While everyone can have difficulty opening up now and then, people with emotional maturity are better equipped to do so.
They can successfully identify their emotions and recognize their triggers.
This self-awareness allows them to express their feelings and needs to their partners, creating a foundation for open communication.
Additionally, they are more comfortable with being vulnerable, which encourages their partners to reciprocate.
In contrast, someone who lacks emotional maturity may feel the need to isolate whenever they experience a strong feeling.
They have trouble talking about what’s going on inside, so they also come across as distant when emotional topics come up.
Establishing emotional intimacy with someone like this is challenging, to say the least.
2) Creating drama
People with emotional maturity are skilled at regulating their emotions and recognizing what others are feeling at any given time.
This helps them approach disagreements in a constructive manner and avoid unnecessary relationship drama.
Emotionally immature people, in contrast, find it tricky to manage their emotions and communicate effectively.
These shortcomings can cause them to lash out in a disruptive or attention-seeking way:
- They overreact to minor issues, blowing them out of proportion
- They portray themselves as victims in order to elicit sympathy from their partner
- They act impulsively, without considering the consequences
- They have mood swings, making it difficult for their partner to predict their reactions
- They get super-clingy, demanding to know what you’re doing all the time
For people who lack emotional maturity, drama acts as a distraction.
Since they’re not particularly keen to self-reflect, it gives them something external to focus on.
3) Holding grudges
Someone who is emotionally mature doesn’t waste energy and time holding grudges.
If you wrong them, they speak up about how you made them feel rather than build resentment.
They understand that holding grudges has a negative impact on the relationship, especially in the long run.
An emotionally immature person, on the other hand, doesn’t process emotions properly, so they’re more likely to bring up past issues out of the blue.
Or, they stew in silence and become passive-aggressive.
Something is clearly bothering them, but they insist that nothing is wrong.
A form of manipulation, gaslighting involves making someone doubt their own perceptions and feelings.
Emotionally immature people may employ this tactic to divert attention from themselves.
For instance, if you tell them they hurt you or made you feel uncomfortable, they insist it’s all in your head. Their actions weren’t so horrible to begin with.
This lets them keep things surface-level and avoid examining their own behavior too closely.
People with emotional maturity, meanwhile, actively listen when their partner brings up a problem and don’t minimize it.
If they’re in the wrong, they admit it and apologize.
5) Failing to own up to their mistakes
Speaking of apologizing, people with emotional maturity accept responsibility for their mistakes.
They know that their actions have a great impact on their partner, so they make amends when they mess up.
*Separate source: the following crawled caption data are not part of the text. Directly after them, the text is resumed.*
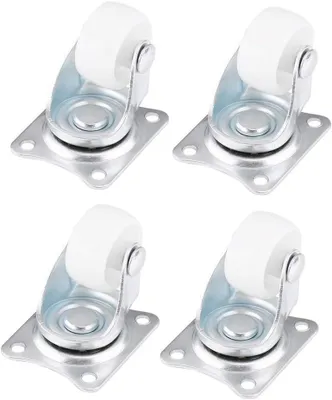 Produktbild von Möbelrollen, 4 Stück Universal Lenkrollen für Möbel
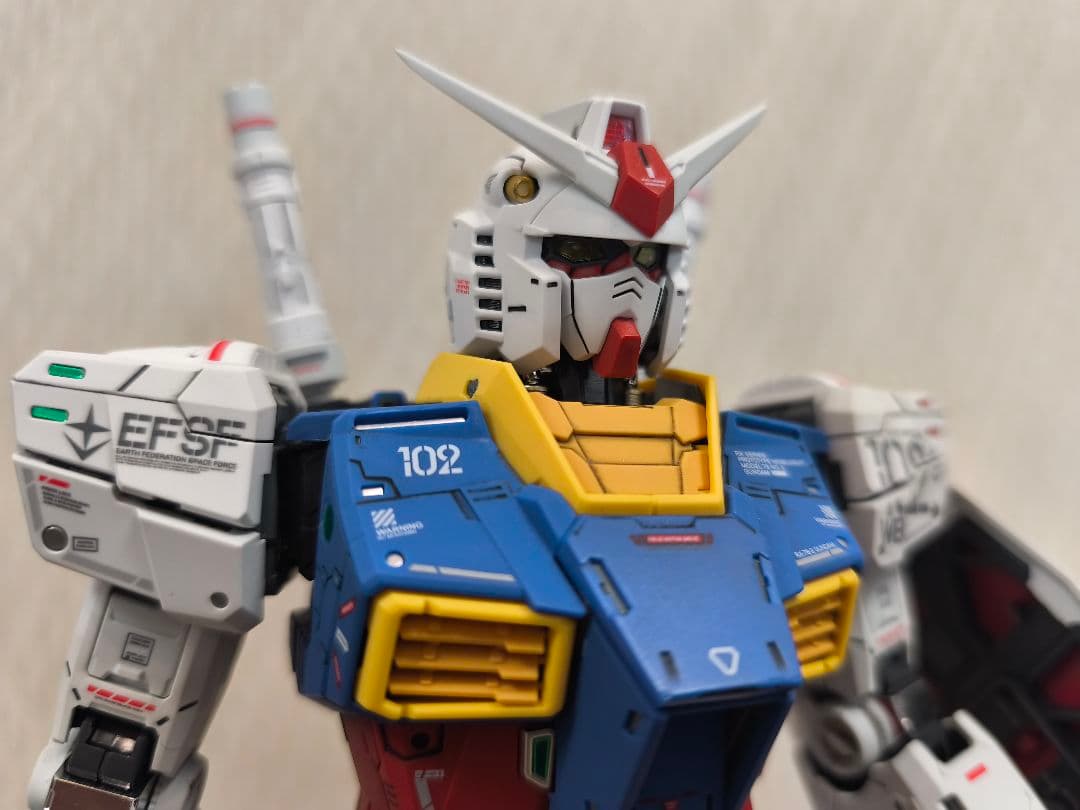 PG UNLEASHED RX-78-2 GUNDAM 1/60 ガンダム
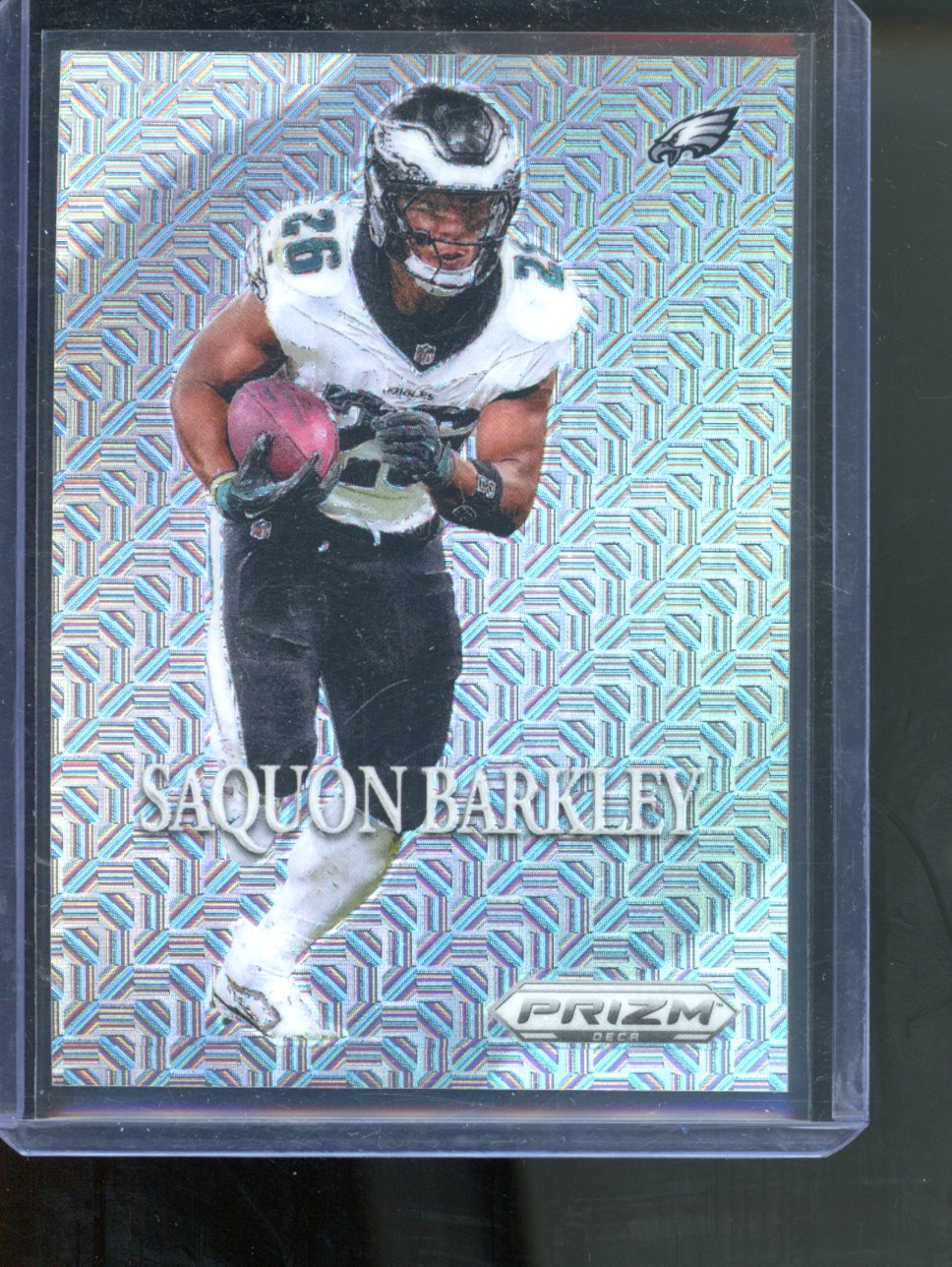 2024 Panini Prizm Deca Saquon Barkley Mojo Prizm /30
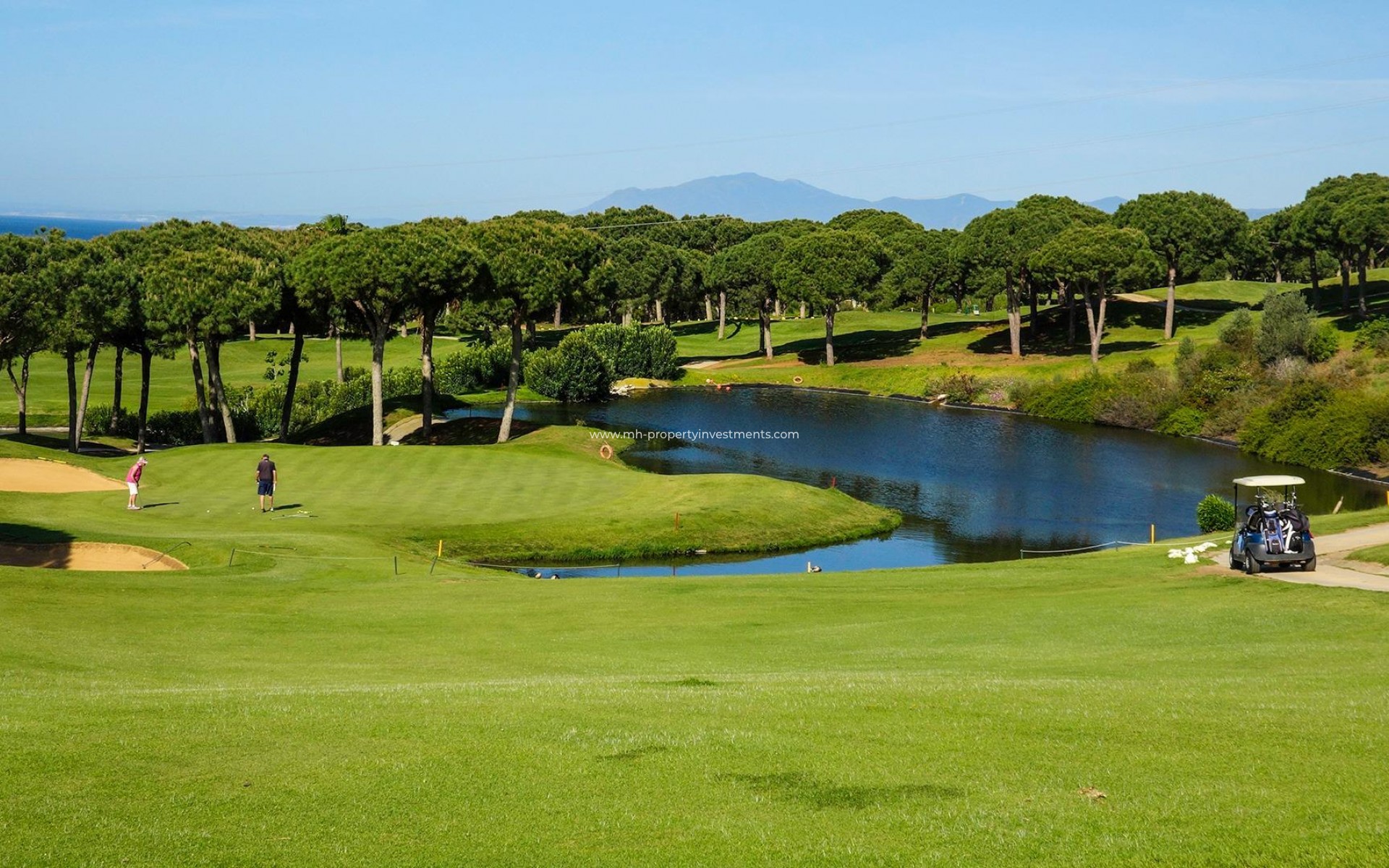 Neubau - Wohnung - Marbella - Cabopino Golf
Doing so maintains trust and strengthens relationships.
An emotionally immature partner will often shift blame or make excuses for their behavior instead of admitting they did something wrong.
One of my exes would frequently use his business and tiredness as an excuse whenever I brought up the fact that I would like us to spend more time together.
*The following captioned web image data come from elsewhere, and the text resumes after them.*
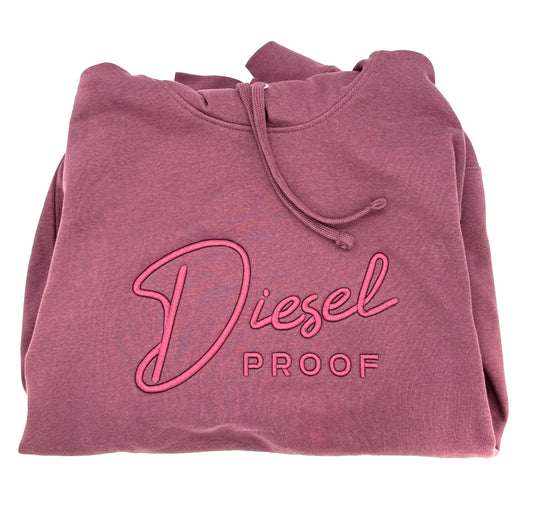 Diesel Proof - Raised Logo Hoodie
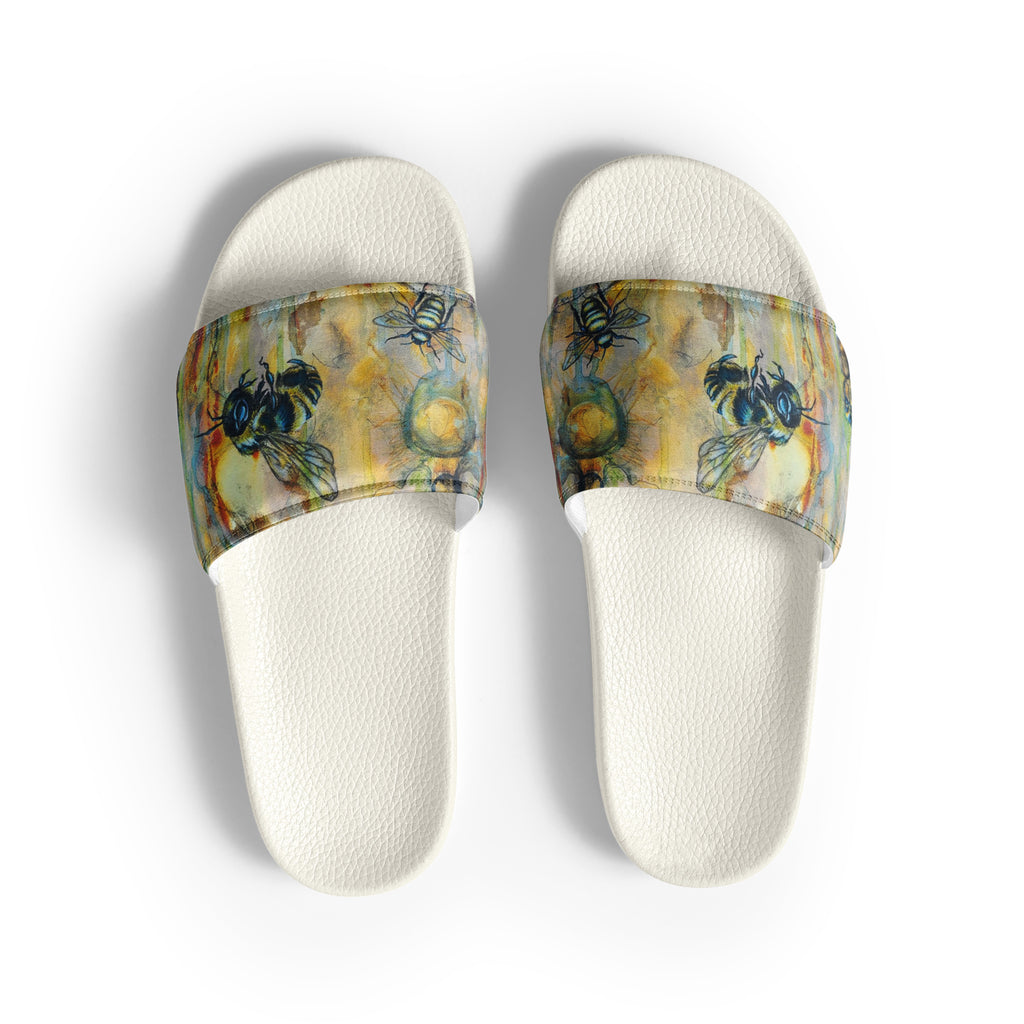 Men's Slides- Camp Bee
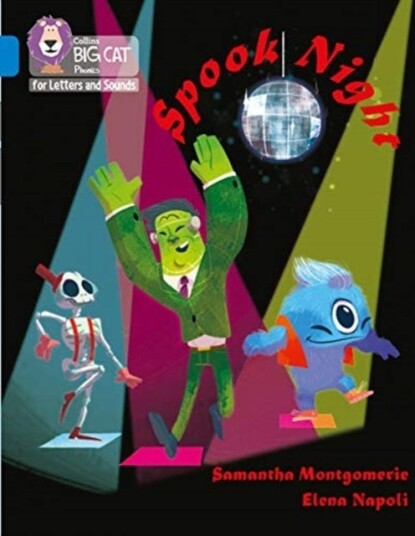 Spook Night Band 04/Blue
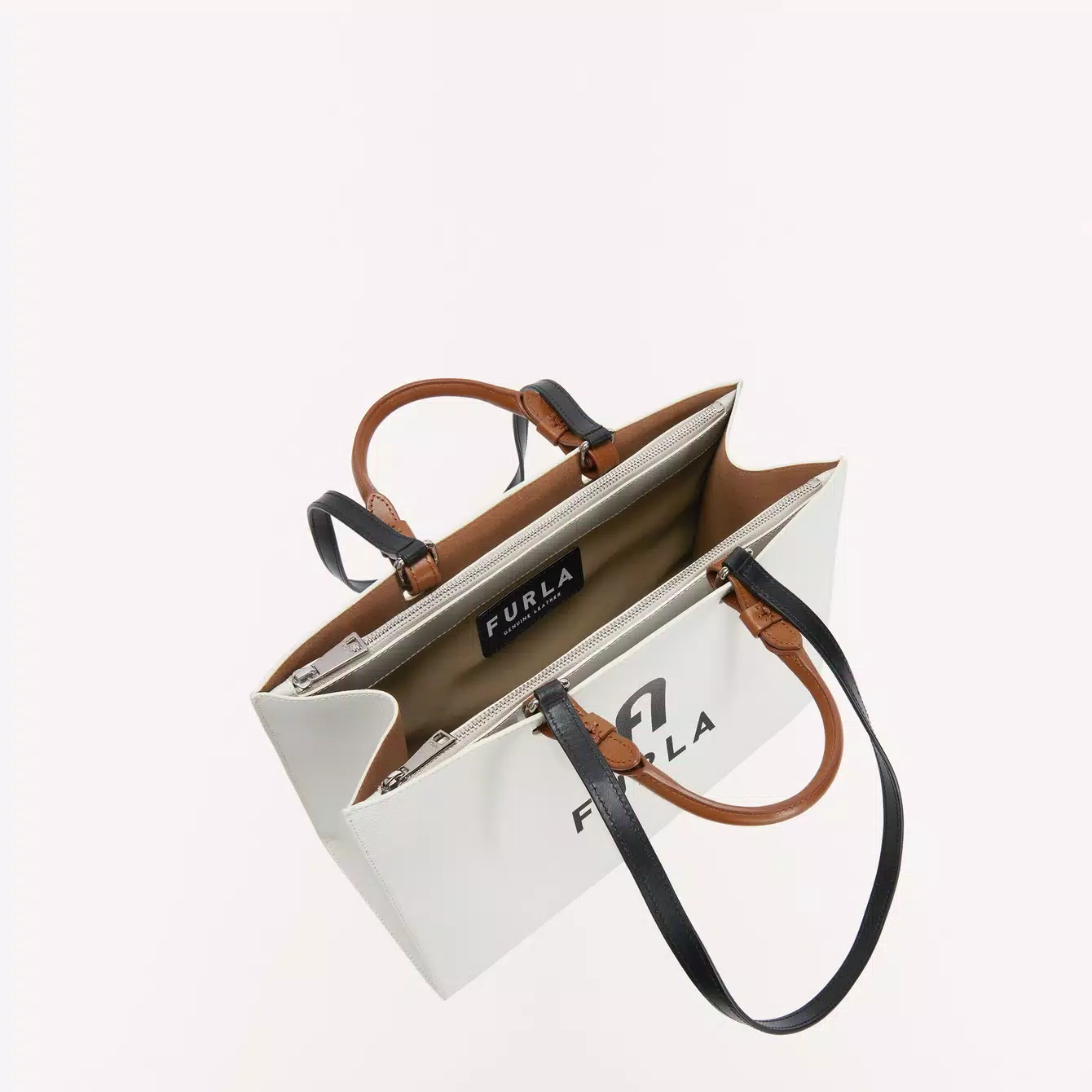 Furla VARSITY STYLE 1843S MARSH+NERO - immagine 4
He would say that he would love to, but his schedule is just too full. Funnily enough, he was the only one in charge of said schedule.
I’m not a big fan of the popular “if he wanted to, he would” concept – but in this case, even I concede that it applied.
6) Refusing to compromise
Emotionally immature individuals struggle to express their needs and concerns effectively, so reaching a compromise with them can be a challenge.
Furthermore, they tend to prioritize the short-term satisfaction of winning an argument over the long-term health of the relationship.
Since people with emotional maturity understand that relationships require give-and-take, they have a better chance of finding common ground with their significant other during a disagreement.
They’re also more likely to adjust their expectations for the sake of the relationship’s well-being.
Emotionally immature folks often focus exclusively on their own needs and desires, failing to see things from their partner’s point of view.
7) Being overly defensive
In a healthy relationship, both partners need to be able to openly discuss potential issues.
People with emotional maturity don’t erect walls when their significant other offers constructive criticism.
Instead, they consider the feedback and see it as an opportunity to improve themselves and solidify the bond they share with their boo.
Emotionally immature people, however, often get defensive whenever you bring up a problem.
If you’re with someone like that, you’ll notice that even the smallest criticism sets them off:
- Tell them they forgot to take out the trash, and they’ll say you’re always nagging them
- Suggest that you would like to go on more dates, and they’ll complain that they’re the ones who always have to make plans
- Explain that you’ve noticed them spend a lot of money on stuff they don’t need, and they’ll accuse you of trying to control them
They may go as far as calling you names.
Before you know it, you begin to walk on tiptoes when they’re around in an effort to keep the peace.
8) Taking out their anger or frustration on their partner
People with emotional maturity don’t take out their negative feelings on their partner.
They manage their emotions well and communicate openly, which leads to healthier relationship dynamics.
When they feel angry or frustrated, they take a moment to reflect on the source of those emotions before reacting.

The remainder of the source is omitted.